Your task: Would you transcribe the line containing "Yellow and Gray Strokes Wallpaper MW1832" and every line after it, through the end of the records below, exactly and with nothing else?

---- Provided records

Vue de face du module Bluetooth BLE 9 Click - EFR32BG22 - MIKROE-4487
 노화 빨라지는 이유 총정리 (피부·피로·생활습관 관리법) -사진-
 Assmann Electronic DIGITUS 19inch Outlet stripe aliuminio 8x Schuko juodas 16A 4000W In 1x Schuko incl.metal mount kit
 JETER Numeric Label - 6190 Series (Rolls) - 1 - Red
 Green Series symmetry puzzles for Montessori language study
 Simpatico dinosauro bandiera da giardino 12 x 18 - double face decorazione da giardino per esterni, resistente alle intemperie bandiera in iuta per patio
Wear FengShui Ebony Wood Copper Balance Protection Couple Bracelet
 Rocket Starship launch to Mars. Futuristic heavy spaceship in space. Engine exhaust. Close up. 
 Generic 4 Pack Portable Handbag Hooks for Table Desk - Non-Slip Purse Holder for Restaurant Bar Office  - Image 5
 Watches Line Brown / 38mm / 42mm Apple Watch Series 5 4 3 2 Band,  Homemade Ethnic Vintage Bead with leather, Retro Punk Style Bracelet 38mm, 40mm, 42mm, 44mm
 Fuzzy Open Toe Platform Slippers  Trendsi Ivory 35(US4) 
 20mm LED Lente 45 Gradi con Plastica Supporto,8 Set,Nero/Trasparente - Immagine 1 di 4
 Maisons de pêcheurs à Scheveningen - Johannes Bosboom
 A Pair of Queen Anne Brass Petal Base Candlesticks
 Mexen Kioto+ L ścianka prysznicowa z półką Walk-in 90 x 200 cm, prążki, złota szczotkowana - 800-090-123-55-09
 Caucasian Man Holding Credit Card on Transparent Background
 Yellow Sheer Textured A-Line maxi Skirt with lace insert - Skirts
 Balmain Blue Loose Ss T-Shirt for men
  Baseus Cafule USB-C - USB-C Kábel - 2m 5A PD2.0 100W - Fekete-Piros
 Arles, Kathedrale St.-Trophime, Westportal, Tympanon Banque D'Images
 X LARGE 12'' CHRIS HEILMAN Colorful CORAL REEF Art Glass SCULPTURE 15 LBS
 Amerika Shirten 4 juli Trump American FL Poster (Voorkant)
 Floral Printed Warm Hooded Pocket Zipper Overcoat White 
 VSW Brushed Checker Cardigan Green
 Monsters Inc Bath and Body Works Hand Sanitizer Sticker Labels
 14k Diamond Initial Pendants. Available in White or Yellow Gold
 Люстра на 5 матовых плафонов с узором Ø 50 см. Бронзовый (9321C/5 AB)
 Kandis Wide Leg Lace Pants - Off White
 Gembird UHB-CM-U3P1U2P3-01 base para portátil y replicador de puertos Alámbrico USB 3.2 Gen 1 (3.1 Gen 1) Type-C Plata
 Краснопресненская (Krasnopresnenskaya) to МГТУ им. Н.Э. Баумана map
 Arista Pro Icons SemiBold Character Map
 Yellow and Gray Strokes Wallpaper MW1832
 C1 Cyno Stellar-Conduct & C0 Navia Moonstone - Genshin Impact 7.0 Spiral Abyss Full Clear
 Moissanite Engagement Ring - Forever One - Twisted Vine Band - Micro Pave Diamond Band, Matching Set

--------

Task output:
 Yellow and Gray Strokes Wallpaper MW1832
 C1 Cyno Stellar-Conduct & C0 Navia Moonstone - Genshin Impact 7.0 Spiral Abyss Full Clear
 Moissanite Engagement Ring - Forever One - Twisted Vine Band - Micro Pave Diamond Band, Matching Set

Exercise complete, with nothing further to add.